The official hopes that in the remainder of 2024 the museum can move to critical areas of the conflict such as Cauca, Arauca and Nariño. In addition, the inhabitants of Bogotá can enjoy, permanently, much of the exhibition at the headquarters of the Ombudsman’s Office From the capital. Even if the exhibition could not reach places like Cauca, the message of protection of Human Rights could be relevant in any of the 430 municipalities that the Ombudsman’s Office currently has listed under threats of conflict in the country. A reality that, according to the Ombudsman, needs to be addressed with more than pedagogy.

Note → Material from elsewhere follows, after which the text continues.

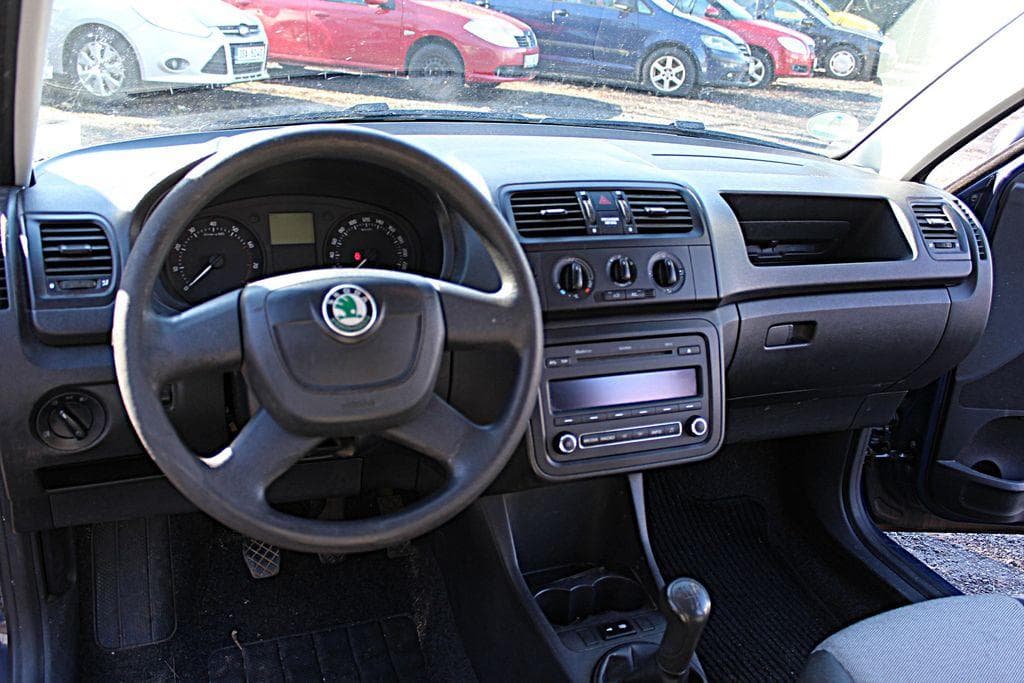 2010 Škoda Fabia - 8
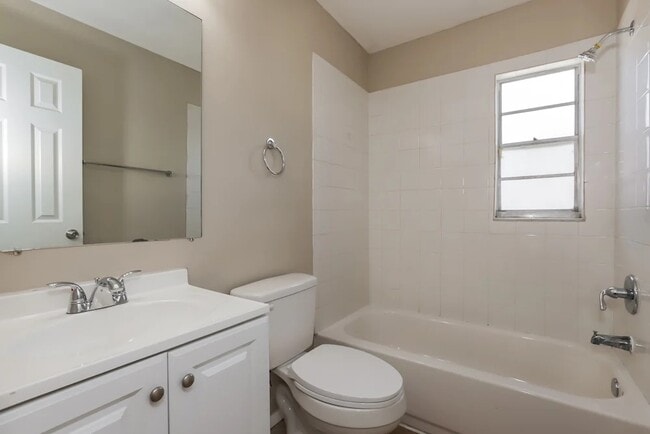 110 Circle Hill Dr in Brandon, FL - Building Photo - Building Photo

“The public order panorama in the country is critical. We are demanding much more presence of the State in the territory so that we can live in peace,” warns Balanta, with a tone of urgency. Like him, Juan Kamilo Martínez, 12, has a suggestion to make to Colombia after a brief lesson on Human Rights: “We all have to respect and respect each other to stop making the same mistakes,” says the preteen from a library in the center of the country.